Monday, February 11, 2008

Advancing the Second Decade of Biotechnology Discussion

Biotechnology has become an emotional topic. Rarely can you have a discussion without being accused of supporting one extreme or the other. If you voice concerns regarding environmental impact of biotechnology you are labeled as being against biotechnology, while at the same time, if you acknowledge anything positive to come from biotechnology you are aligned with industry. I think biotechnology is more complex than either extreme; therefore how can we create a forum where we can discuss the gray area? Has the topic gotten so emotional that we can’t have a scientific discussion? How do you propose we move forward with the biotechnology debate so individuals can discuss their views openly without getting placed on a “side”?

-Science Policy Intern

1 comment:

mbianchi said...

The National Association of State Departments of Agriculture and the Pew Initiative on Food and Biotechnology hosted a workshop on Peaceful Coexistence among Growers of: Genetically Engineered, Conventional and Organic Crops in Boulder CO in March 2006. This is an interesting read for anyone working in coexistence systems.
Buried within the text is a paraphrased comment by Nicholas Hether - 'At the same time, Hether said, it is unwise to justify a value position with science. Science cannot resolve value issues, he concluded, it can only give evidence.'
Our local community based organization has been working on coexistence methods for GE, conventional and organic crops for several years.

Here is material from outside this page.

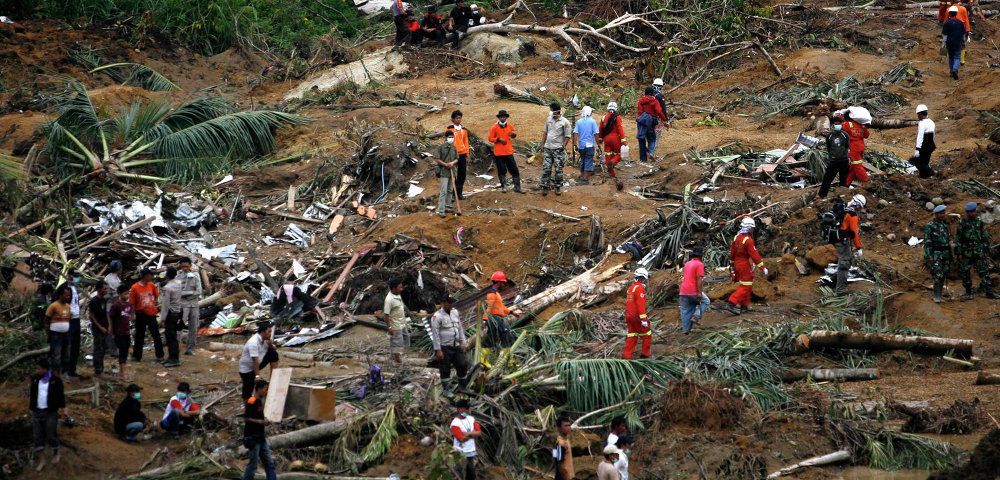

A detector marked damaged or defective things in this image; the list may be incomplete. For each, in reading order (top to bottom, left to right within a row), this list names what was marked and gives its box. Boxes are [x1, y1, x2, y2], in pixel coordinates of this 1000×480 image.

broken wooden plank [264, 370, 292, 422]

One of the greatest challenges for the scientists involved with this group has been to separate their beliefs in their own evidence or data from the review, or valuation, of that evidence.
In the March 2008 issue of CSA News, V53 NO3 pg 14, William Wiebold notes that "facts gained from experimentation are empty and useless until submitted to peer and public review". The challenge for scientists is to maintain the integrity of the facts (or evidence) through the peer and public review process.
Perhaps the way to answer the question regarding the facilitation of discussion between opposing views regarding biotechnology is to begin with respectful acknowledgement of the strict adherence to scientific method (data collection and hypotheses testing) of all parties without evidence to the contrary. Thus, "science" is removed as the target, and discussion can move on to peer and public review. Although messy and noisy at times, it has worked for our community group.